Haven Moon, by sole developer Francois Roussel, was meant as an hommage to Myst (made by Cyan) and it clearly shows: as a Myst-like, and as a tribute, Haven Moon has all the required parts, so, as an old Myst fan, I enjoyed it, even if it had a few flaws.
The different worlds you could visit in Myst are here represented by a set of neighbouring islands (on an ocean moon somewhere in outer space), which you travel between via a small airship, but first you will have to activate various mechanisms on the island you started on. This is where the fun begins. It even began twice: because of how Quern spoiled me a little with its in-game notebook, I didn’t get properly started until the second try (I started up the game once, checked out the first island, but without really doing anything, quit the game, and didn’t return to it until a couple of days later when I felt ready and properly prepped with pen and paper).
The island you start on is pretty miniscule and hardly suited for any structures to speak of, but there they are anyway, precariously balancing on top of a group of small rocks. The island is deserted and the only sounds are those from the vast ocean or the wind in the trees, which somehow sustain themselves by growing right out of the rock. It’s peaceful.
The buildings and the whole island look like something out of Myst III: Exile (made by Presto Studios), but updated (in Unity3D) to meet more modern standards, so the prerendered surroundings have been replaced by real-time graphics (with the same life-like, photorealistic look, but at a higher resolution) — as perhaps expected from a game made in 2016. Everything is inviting you to start exploring and learn more.
The other islands are in the same style as the first. There is no stress and no one to disturb you on any of the islands, so you can take your time exploring, solving puzzles, and admiring all the buildings on each island, which are welcoming with lots of detail, while the underlying landscapes, on the other hand, feel a bit lacking, although they do work well enough as a foundation, so it’s a minor complaint.
The puzzles are what make up the gameplay of a Myst-like so that’s what you get and they are properly executed with little exposition. All puzzles are about mastering an unknown device by mastering other unknown devices. Just like in Myst II: Riven (made by Cyan) you have to become an integral part of the world to progress.
I got really stuck on one device, because I totally missed a certain tiny detail despite passing it by several times.

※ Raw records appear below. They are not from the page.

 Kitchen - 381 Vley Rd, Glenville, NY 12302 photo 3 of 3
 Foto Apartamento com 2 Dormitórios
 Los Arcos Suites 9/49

What I should have done in that case was to take a break (there were clues that I ought to have picked up eventually), but instead I looked it up and moved on.

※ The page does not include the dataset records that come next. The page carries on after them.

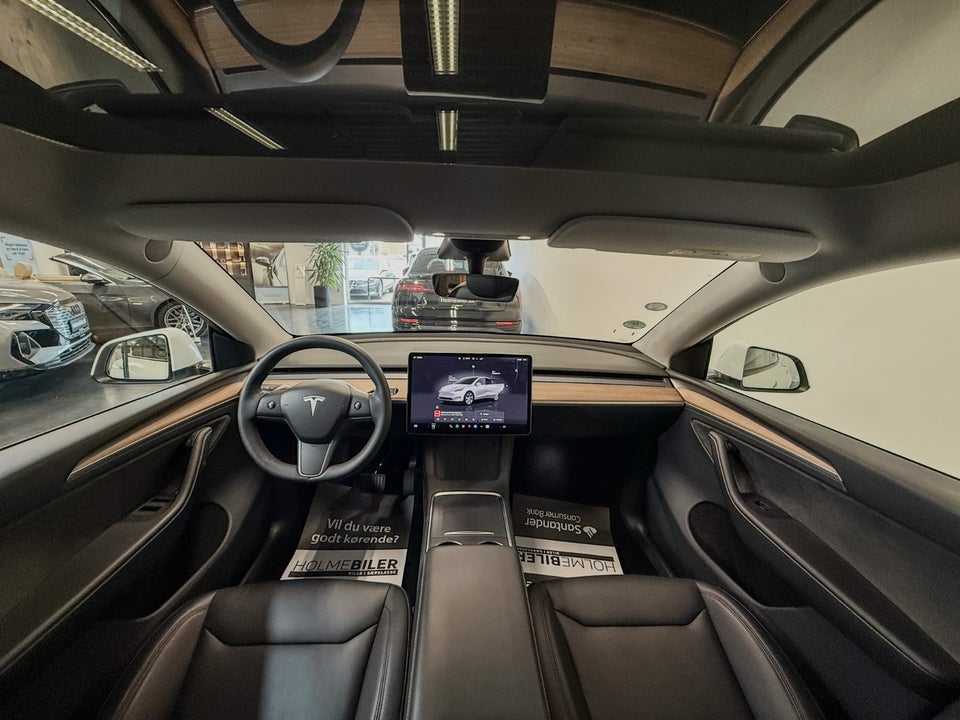Tesla Model Y Long Range AWD 5d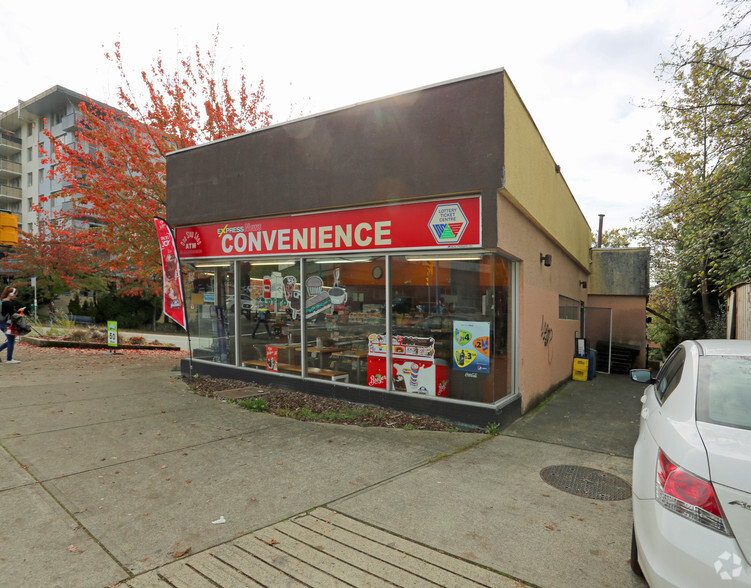 751 Lonsdale Av, North Vancouver, BC for sale - Building Photo - Image 3 of 4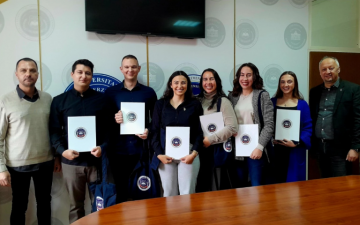 Dekan uručio zahvalnice studentima za doprinos organizaciji Konferencije „Kriminalistika, kriminologija i sigurnosne studije u XXI stoljeću“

There is a bit of fast-travel once you’ve unlocked it, which is always a lovely bonus, because it avoids what could otherwise become tediously repetitive.
The classical soundtrack was especially made for the game by Leo J. Russlan and was delightfully and satisfyingly “Mysty”.

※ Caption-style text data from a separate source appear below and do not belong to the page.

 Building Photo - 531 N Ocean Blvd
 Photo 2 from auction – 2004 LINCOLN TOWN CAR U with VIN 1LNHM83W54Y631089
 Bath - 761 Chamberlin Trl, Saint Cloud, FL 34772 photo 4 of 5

The story was a standard piece of morality and choice, but was of no real consequence for the game. It did have some world building, which was nice, but the story still felt mostly like a container for clues. If I could, I would wish for more in-depth backstory.
It’s easy to tell that Haven Moon is a game for Myst-fans. The puzzles were challenging enough. The environments were well built and detailed. The story was pretty thin, though, so don’t expect to be particulary amazed or excited by that. There’s no free exploration, but that’s not a main theme in any way, so not a problem. A general tip is to be in the mood: don’t play if you feel stressed or need some affirmation after a “shitty day at work”. It wasn’t my favourite in the genre, but I enjoyed it.
See my Quern review (first footnote) for a definition of what makes a game into a Myst-like game.
The only place where it felt off enough to be a little jarring and maybe worth fixing was on the first island: the way leading down to the docks felt like it should have been a proper path or a set of stairs instead of just the rock and the curved stone railing, which looked particularly out of place here.
Sorry, game. :/ That is the only possible problem with a Myst-like: sometimes you want to play a set number of hours, but the game might not let you do that and thus it’s in danger of spoiling itself… On the other hand, you could say that a Myst-like is a game you play even when you are not playing it 😉 but, well, that might not help much…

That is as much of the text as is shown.